He walked along our line staring into our faces. When he got to the end he came and stood in front of us, clenched his hands behind his back, and rocked on his feet.
“Who is Pip?” he asked.
No one answered.
“I asked for all your names,” he said. “You did not give me them all. Why?”
Those of us in Mr. Watts' class knew the answer. And my mum. But she had closed her eyes and ears. I thought she was praying. So she didn't see us kids catch one another's eye. Or the one beaming with the answer.
“Pip belongs to Mr. Dickens, sir,” Daniel blurted out.
The officer walked over to where Daniel stood. “Who is this
Mis
ter Dickens?” he sneered.
And Daniel, who looked so proud to be giving the answers, pointed in the direction of the schoolhouse. We all knew where he meant; it wasn't the schoolhouse but the old church mission buried out of view by the vegetation.
The officer said something in pidgin to a number of his men. As one they looked off to where Daniel had pointed. The officer hadn't forgotten him. He snapped his fingers for Daniel to leave the line. He jogged into position as he had seen the soldiers do. The officer gave him a queer look. I thought he might hit Daniel for being insolent. Instead he placed a hand on Daniel's shoulder and instructed him to go with the soldiers to fetch this Mr. Dickens.
We were used to Mr. Watts in his suit. We were used to his eyes that wanted to leave his face, and the lean skinny frame that his clothes hung off. We had forgotten the shock of white in our sweating green world. And this we experienced all over again when Mr. Watts and his wife were rounded up by the soldiers.

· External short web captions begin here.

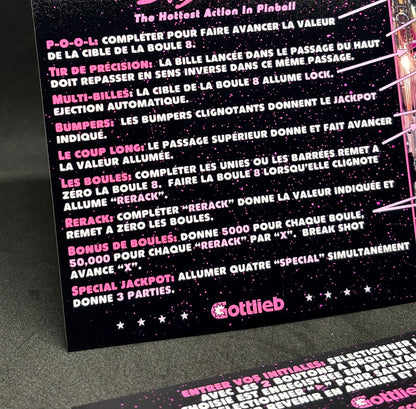 Instrucciones de las tarjetas del juego Gottlieb Bad Girls 1988, reglas impresas del delantal personalizado de pinball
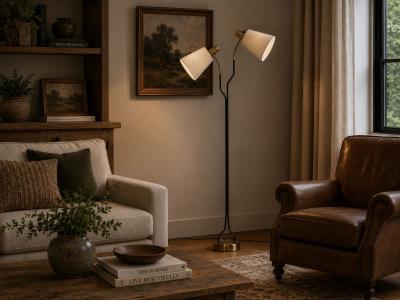 Eskilstuna Elektrofabrik Floor Lamp Laqcuered Metal Brass Sweden 1950s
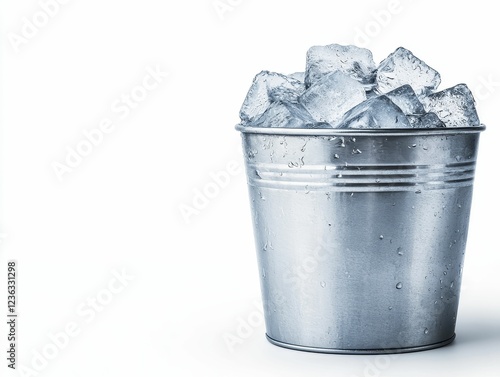 Ice Stainless Steel Tank Metal bucket filled with ice cubes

The officer stood with his back to us, and as the parade approached from the direction of the schoolhouse he folded his arms. Daniel led the way. He looked so proud. He marched, swinging his arms at his sides. Now I saw Mr. Watts through redskin eyes. I saw all those things we had grown used to fresh again. Mr. Watts towered over the soldiers. He blinked in the sun, even though the light was not that strong at this hour. But then I don't think his blinking had to do with the sunlight. I'd seen Mr. Watts do this whenever my mum said something directly insulting. On those occasions I thought he was fighting back hurt feelings.
I may have got that wrong, however, because when he arrived at the clearing I saw blinking was his way to avoid eye contact. He looked everywhere but at us, the people and faces he knew. If you wanted to be critical you might have said he looked like the important and self-regarding white men that my grandfather had become part of a human pyramid for; he looked like a man about to make a speech, who was simply waiting to be invited to step forward.

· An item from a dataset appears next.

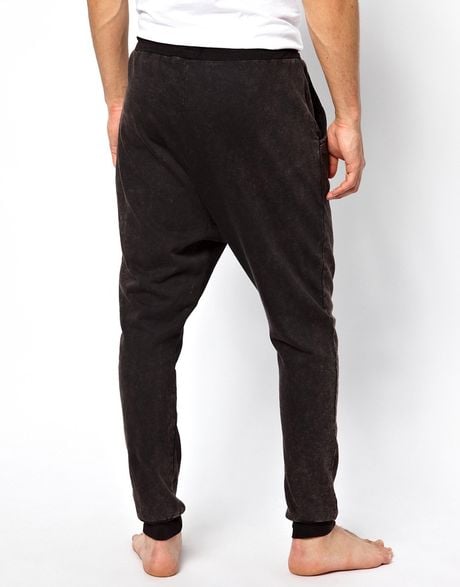 Asos Drop Crotch Lounge Joggers With Acid Wash in Black for Men | Lyst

There were other, smaller changes too. It was a while since we had last seen him wear a tie. His left hand fidgeted with where it was tied around his throat. He had found a shirt that buttoned up. He wore shoes. He was dressed like someone going to catch a plane.
The redskin soldiers seemed to forget about us. They stared at Mr. Watts, isolating him with their stare. Once more we saw what a strange fish had washed up on our shore.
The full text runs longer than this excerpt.